> **THE PROBLEM**: Check each line of the entries for "Stop" and report the ones that have it.

> **PROVIDED RECORDS**:

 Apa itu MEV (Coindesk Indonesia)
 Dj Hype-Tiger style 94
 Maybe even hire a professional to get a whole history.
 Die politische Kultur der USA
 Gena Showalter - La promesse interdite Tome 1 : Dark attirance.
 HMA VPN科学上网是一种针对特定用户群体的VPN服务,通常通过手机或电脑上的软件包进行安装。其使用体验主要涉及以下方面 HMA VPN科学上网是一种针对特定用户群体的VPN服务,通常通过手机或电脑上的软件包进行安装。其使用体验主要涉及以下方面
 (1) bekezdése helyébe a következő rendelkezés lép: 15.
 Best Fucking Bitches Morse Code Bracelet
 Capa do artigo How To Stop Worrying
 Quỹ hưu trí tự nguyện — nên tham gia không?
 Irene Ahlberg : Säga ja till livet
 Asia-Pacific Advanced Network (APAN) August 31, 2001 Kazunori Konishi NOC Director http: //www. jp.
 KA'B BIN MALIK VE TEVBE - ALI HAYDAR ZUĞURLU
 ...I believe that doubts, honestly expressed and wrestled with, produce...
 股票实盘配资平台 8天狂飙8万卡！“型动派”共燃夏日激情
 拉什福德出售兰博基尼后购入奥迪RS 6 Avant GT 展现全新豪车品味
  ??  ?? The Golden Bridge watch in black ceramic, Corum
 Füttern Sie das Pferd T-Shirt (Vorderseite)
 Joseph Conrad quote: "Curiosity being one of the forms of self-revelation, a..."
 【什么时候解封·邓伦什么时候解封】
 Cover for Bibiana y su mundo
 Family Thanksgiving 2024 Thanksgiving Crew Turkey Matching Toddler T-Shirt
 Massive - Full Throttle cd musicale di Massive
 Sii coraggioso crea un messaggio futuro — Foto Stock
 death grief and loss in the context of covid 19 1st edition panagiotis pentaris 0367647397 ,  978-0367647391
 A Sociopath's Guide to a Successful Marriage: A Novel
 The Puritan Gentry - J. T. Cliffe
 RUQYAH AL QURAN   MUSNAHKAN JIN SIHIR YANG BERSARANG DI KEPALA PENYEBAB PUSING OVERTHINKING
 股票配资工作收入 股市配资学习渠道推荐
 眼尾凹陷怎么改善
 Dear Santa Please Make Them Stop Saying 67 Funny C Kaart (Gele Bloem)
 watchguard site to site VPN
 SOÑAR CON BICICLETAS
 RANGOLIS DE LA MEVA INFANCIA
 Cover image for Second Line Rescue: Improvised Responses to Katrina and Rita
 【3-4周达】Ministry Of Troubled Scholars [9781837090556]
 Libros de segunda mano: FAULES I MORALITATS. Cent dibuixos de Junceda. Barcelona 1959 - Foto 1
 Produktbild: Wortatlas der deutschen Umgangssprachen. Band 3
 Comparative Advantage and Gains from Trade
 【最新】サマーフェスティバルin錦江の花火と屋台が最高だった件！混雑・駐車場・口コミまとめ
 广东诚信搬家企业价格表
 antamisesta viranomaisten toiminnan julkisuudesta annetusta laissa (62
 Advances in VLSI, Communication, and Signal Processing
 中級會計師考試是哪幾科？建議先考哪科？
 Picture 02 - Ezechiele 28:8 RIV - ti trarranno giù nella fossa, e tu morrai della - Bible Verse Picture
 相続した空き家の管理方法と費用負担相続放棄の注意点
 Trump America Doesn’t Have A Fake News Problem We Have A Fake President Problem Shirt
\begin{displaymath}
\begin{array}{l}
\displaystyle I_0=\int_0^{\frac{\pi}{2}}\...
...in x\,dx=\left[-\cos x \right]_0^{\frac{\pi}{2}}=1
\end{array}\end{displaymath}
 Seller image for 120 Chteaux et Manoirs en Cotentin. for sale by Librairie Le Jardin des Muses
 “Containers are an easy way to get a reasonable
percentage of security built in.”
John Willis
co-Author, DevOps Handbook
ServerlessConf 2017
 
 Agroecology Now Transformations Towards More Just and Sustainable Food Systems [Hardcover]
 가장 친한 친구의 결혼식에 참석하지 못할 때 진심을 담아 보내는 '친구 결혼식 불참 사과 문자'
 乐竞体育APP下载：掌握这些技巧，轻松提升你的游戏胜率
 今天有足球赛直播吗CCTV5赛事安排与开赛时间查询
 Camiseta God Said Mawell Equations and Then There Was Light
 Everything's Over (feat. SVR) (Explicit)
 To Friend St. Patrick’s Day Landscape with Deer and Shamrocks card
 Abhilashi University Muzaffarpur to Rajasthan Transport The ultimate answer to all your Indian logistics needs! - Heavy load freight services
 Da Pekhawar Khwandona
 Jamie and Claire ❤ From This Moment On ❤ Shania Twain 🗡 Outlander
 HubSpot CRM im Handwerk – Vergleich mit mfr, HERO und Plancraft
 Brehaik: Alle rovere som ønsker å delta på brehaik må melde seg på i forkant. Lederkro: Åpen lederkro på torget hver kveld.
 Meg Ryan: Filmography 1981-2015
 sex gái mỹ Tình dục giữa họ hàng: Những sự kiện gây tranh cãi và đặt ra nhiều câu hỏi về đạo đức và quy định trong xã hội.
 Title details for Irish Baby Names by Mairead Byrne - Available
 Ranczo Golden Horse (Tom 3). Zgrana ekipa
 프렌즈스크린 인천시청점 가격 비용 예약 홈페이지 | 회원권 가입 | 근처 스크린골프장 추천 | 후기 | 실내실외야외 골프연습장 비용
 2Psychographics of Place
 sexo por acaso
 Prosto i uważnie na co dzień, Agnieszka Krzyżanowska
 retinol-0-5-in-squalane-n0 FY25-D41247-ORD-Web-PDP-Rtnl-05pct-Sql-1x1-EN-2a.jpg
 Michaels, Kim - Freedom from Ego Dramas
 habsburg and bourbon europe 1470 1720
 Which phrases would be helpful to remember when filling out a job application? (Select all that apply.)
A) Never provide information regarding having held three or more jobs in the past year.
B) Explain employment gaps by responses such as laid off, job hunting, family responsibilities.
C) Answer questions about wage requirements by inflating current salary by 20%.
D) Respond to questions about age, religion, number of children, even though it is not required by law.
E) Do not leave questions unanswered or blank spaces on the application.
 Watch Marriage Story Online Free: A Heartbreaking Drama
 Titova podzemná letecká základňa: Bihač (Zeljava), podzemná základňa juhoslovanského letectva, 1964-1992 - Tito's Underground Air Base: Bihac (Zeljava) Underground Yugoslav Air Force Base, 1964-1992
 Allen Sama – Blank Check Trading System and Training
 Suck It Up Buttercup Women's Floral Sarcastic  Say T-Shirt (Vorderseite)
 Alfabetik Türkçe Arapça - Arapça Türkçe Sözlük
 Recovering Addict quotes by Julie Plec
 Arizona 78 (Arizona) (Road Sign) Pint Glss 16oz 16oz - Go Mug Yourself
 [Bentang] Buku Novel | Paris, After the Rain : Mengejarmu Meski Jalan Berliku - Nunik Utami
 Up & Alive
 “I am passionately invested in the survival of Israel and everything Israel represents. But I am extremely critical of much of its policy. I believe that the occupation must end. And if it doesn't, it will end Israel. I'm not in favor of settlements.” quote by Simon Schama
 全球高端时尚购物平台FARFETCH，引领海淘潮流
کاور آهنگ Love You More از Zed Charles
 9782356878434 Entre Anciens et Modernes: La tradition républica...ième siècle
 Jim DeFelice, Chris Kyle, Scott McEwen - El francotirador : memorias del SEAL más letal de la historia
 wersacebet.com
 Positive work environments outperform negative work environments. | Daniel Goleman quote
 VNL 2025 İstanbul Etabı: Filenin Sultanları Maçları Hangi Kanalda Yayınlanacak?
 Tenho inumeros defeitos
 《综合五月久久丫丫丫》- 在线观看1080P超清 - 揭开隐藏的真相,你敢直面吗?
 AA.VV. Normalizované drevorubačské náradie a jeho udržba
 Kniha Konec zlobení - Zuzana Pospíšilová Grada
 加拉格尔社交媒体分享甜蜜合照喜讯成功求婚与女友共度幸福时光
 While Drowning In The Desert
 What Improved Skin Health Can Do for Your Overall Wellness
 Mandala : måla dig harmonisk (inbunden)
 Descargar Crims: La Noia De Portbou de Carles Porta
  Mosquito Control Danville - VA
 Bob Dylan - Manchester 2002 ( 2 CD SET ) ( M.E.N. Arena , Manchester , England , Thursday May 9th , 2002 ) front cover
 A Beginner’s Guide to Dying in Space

> **EXERCISE RESPONSE**:
 Capa do artigo How To Stop Worrying
 Dear Santa Please Make Them Stop Saying 67 Funny C Kaart (Gele Bloem)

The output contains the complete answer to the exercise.